How do you avoid nasty surprises on the bill?
Three habits are enough. First, separate the entry price from the real price: many deals show a promotional rate for the first six to twelve months, then rise. Note the 'full' price and work out the cost over two years. Next, check the contract term and extra fees: installation, activation, modem rental, early-termination charges. A 'no installation fee' deal may lock you into 24 months. Finally, pay only for what you use: an internet + TV + mobile bundle is sometimes worthwhile, but if you don't watch classic TV, an internet-only deal (like Digi) is often cheaper. A good comparison is made at equal usage, on total cost, not on the most visible line in the advert.
Comparison table
Methodology : Ranking based on six criteria, using providers' public fee schedules (recorded June 2026), FTTH coverage maps and real-speed tests run at different times of day. Prices, promotions and coverage areas change often: always check eligibility and the current offer at your exact address before subscribing. No affiliate links, no sponsored placement.
Sources : BIPT — Belgian telecom regulator · Test Achats — internet comparison · Providers' public price lists (recorded June 2026)
Frequently asked questions
What is the best fibre internet deal in Belgium in 2026?
There is no universal winner: it depends on your address. Proximus offers the widest FTTH coverage and remains the safe bet, Digi has the lowest prices (from €10/month) where its fibre is available, and Telenet leads in Flanders. The right choice is the provider that actually covers your street at the speed you need.
What is the cheapest fibre in Belgium?
As recorded in June 2026, the cheapest fibre deal is Digi's, from €10/month for 500 Mbps, with a stable-price commitment and no hike after twelve months. Its availability is still limited to certain municipalities, however; check eligibility at your address before deciding.
How do I check whether fibre is available at my address?

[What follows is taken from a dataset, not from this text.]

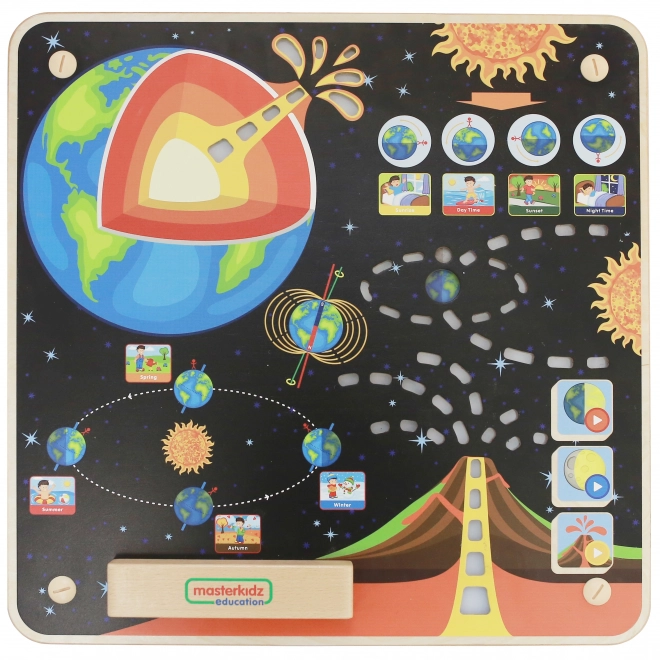 Föld Montessori Oktatási Panel Masterkidz-től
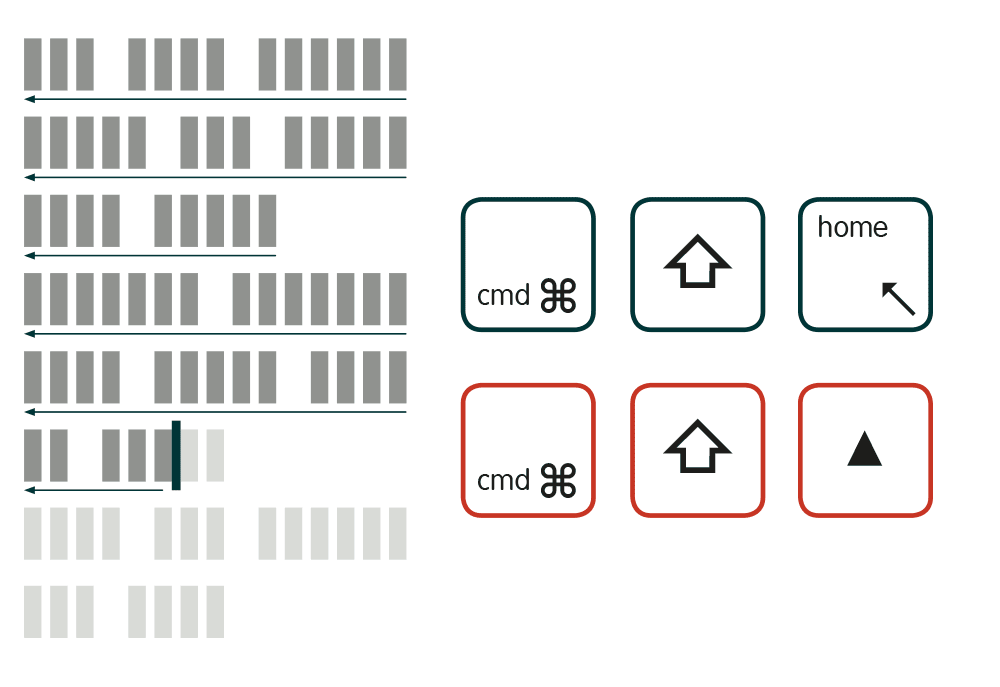 curstortostartflow.gif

Every provider offers an eligibility check on its website, based on your exact address. This is the most important step: FTTH fibre is not yet rolled out everywhere, and two neighbouring streets can have different coverage. Test your address with several providers before comparing prices.
FTTH fibre or cable: what is the real difference?
FTTH fibre (to the home) delivers high symmetrical speeds and better stability, while cable (DOCSIS, Telenet/VOO) now reaches 1 Gbps download but remains more limited on upload. For everyday use, cable is enough; for heavy remote work, cloud or high-quality video calls, FTTH fibre makes the difference.
Is the advertised speed the real speed?
Rarely 100%. The advertised speed is a theoretical maximum; the real speed depends on your hardware, internal wiring, Wi-Fi and the time of day. On FTTH fibre the gap stays small; on shared cable, speed can drop at peak times. Test your connection over a wired link to measure the true speed.
Do you have to sign a contract to get fibre?
It depends on the provider. Some deals have no commitment, others require 12 to 24 months, sometimes with waived installation fees in return. Read the terms: an attractive introductory promo can hide a price rise after the first year and a long contract.
Is this ranking independent?
Yes: editorial selection, no affiliate links or sponsored placement. Links point to providers' official pages for information only. Our goal is to help you choose the right deal, not to push any particular provider.